How do you assess Polish-American relations concerning security, particularly in relation to the planned NATO missile defense system that Poland will host?
Close relations with the US in the field of security are necessary for us, because despite Poland’s entry into NATO, the security status of Poland and the whole Eastern European region remains worse than that of Western Europe.
For years we have demanded that this situation be changed, now we demand that NATO’s contingency plans for aiding [us] in the case of aggression would have an automatic, rather than a general, character.
I was involved in negotiations about the first project for building a missile shield in Poland during George Bush’s administration and I know that it was not the Americans who first changed their minds, but Prime Minister Tusk. When, on July 4, 2008, I returned from Washington with an agreement ready to sign, Donald Tusk said that this agreement did not contribute to Poland’s security, while the then-President Lech Kaczyński was not informed by the government about what it intended to do.

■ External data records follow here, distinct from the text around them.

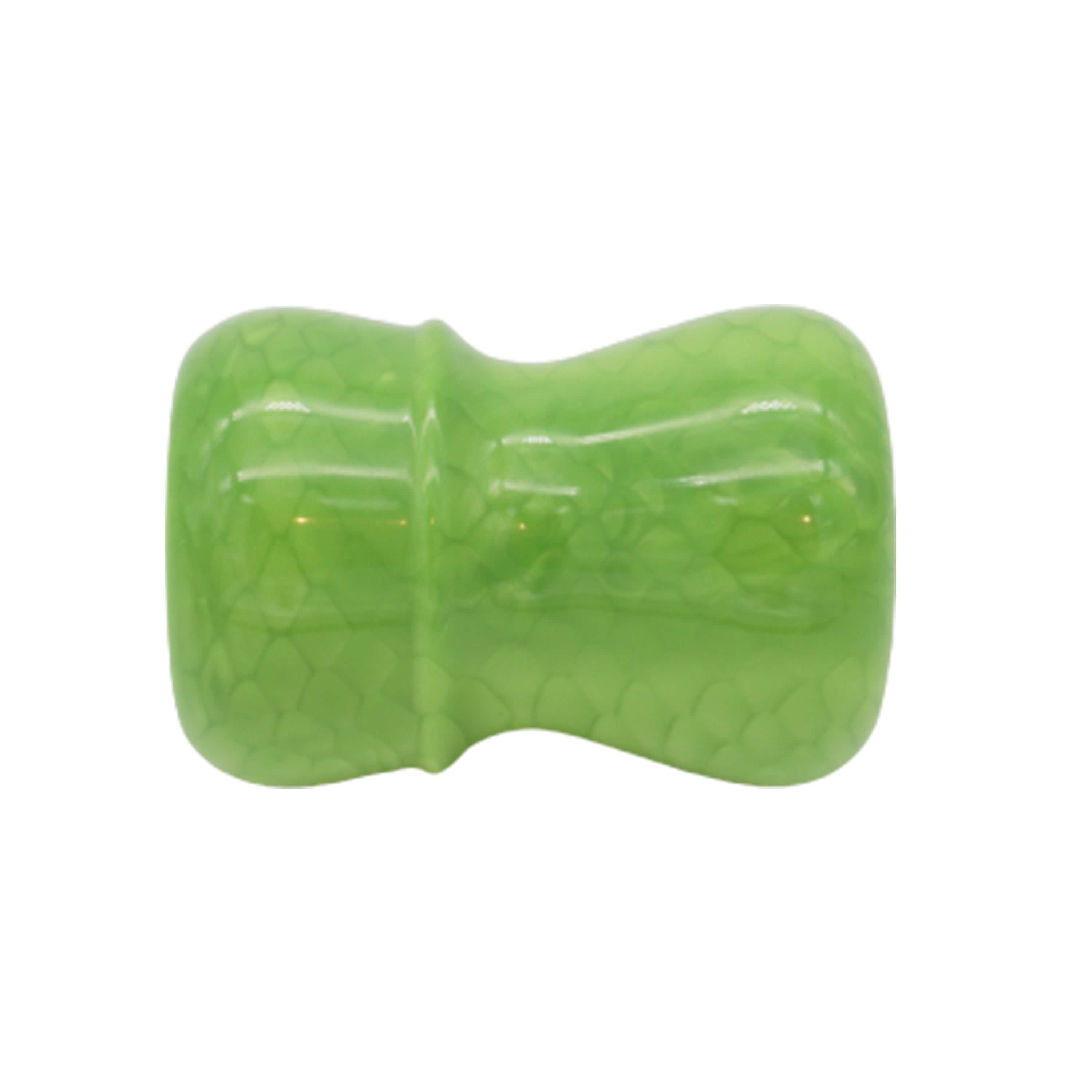 Premium Handmade Green Snakeskin Shaving Brush Handle - Fits 24mm & 26mm Knots - Perfect for Wet Shaving, Grooming Kits & Luxury Bathroom Accessories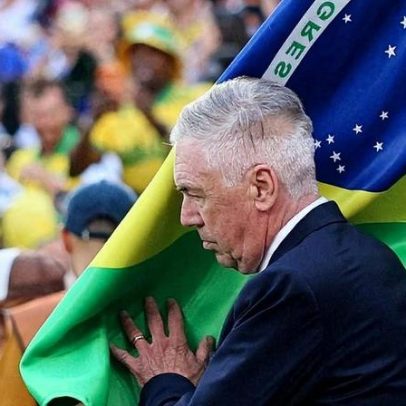 Ancelotti na estreia do Brasil: chicletes, cornetas e mudanças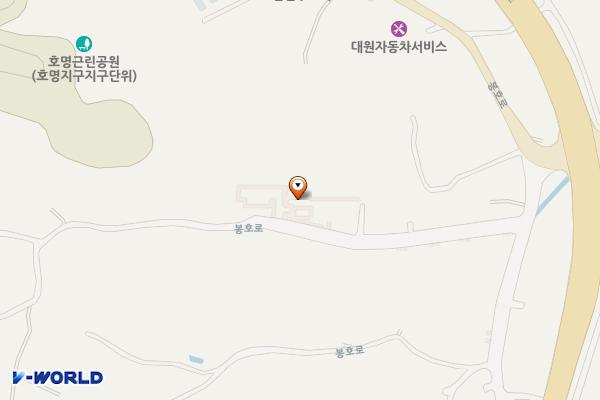 호명읍 늘품복지센터 주차장 위치 지도 — 경상북도 예천군 호명읍 봉호로 4205-20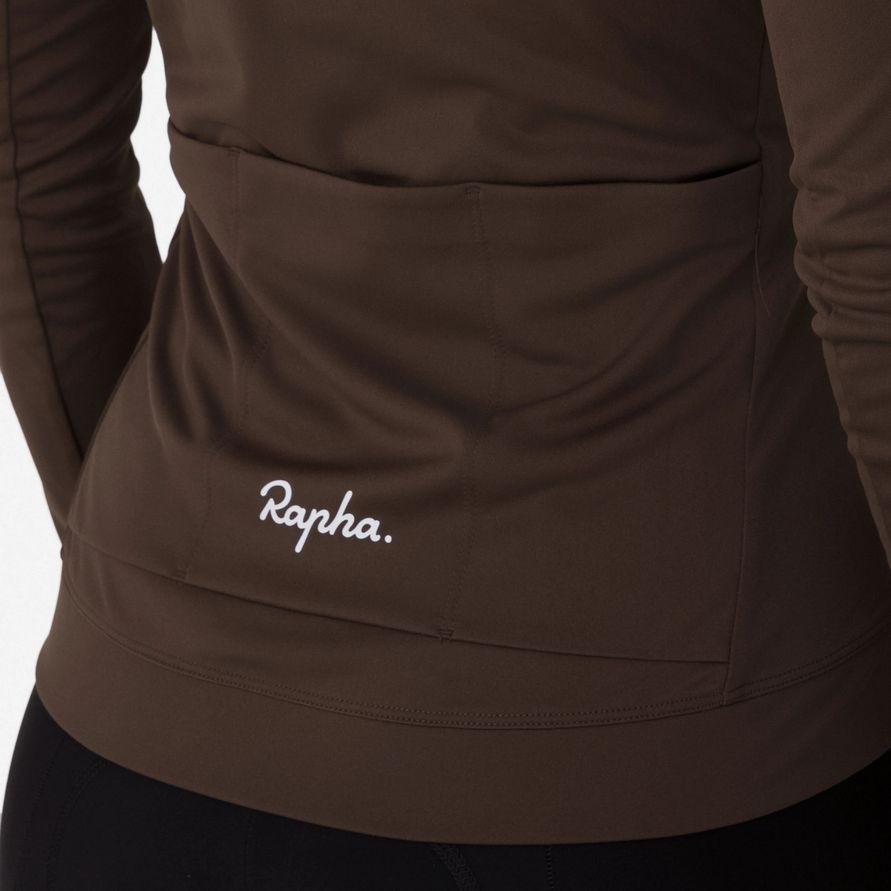 Maglia donna maniche lunghe Rapha Core - Marrone - B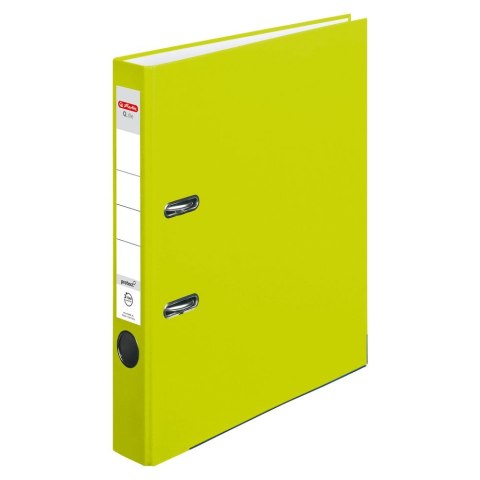 Segregator dźwigniowy Q. file Standard 50022496 A4 50mm zielony Herlitz (300005282)
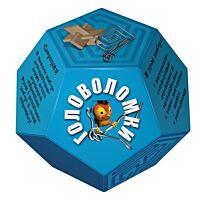 Додекаэдр. Голубой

And the shield could at that time have been implemented, if Poland had ratified the agreement. President Obama would not have changed such a decision. He decided to change the whole concept of the missile shield in September 2009, about a year after taking office, by which time the Polish government had still not ratified the agreement. According to the new plans, the missile shield would be built in Poland in 2018. I want to point out that if Obama were to win a second presidential term, it would finish in January 2017. So, in fact, he said to Russia and the world that during his second term in office there is not going to be a missile shield in Poland, and what happens in 2018 is not his concern.

By the end of this year a base for US F-16 fighter planes will have been established in Poland and for the first time American troops will be present on Polish soil. How do you see this?
This is a small positive step in the right direction. I do not disagree with it and I hope that our cooperation with the US develops further. We look at the US as a European power and we have to make the next American president – whoever it may be – once again show that the US is interested in our region.
I think that American strategists are starting to realize that the policy of “reset” with Moscow has not resulted in an improvement in American relations with Russia, and that a new approach to these relations is now needed. We should observe these trends and be more active in setting our own agenda with the Americans. But to do so, we need the will and the ability.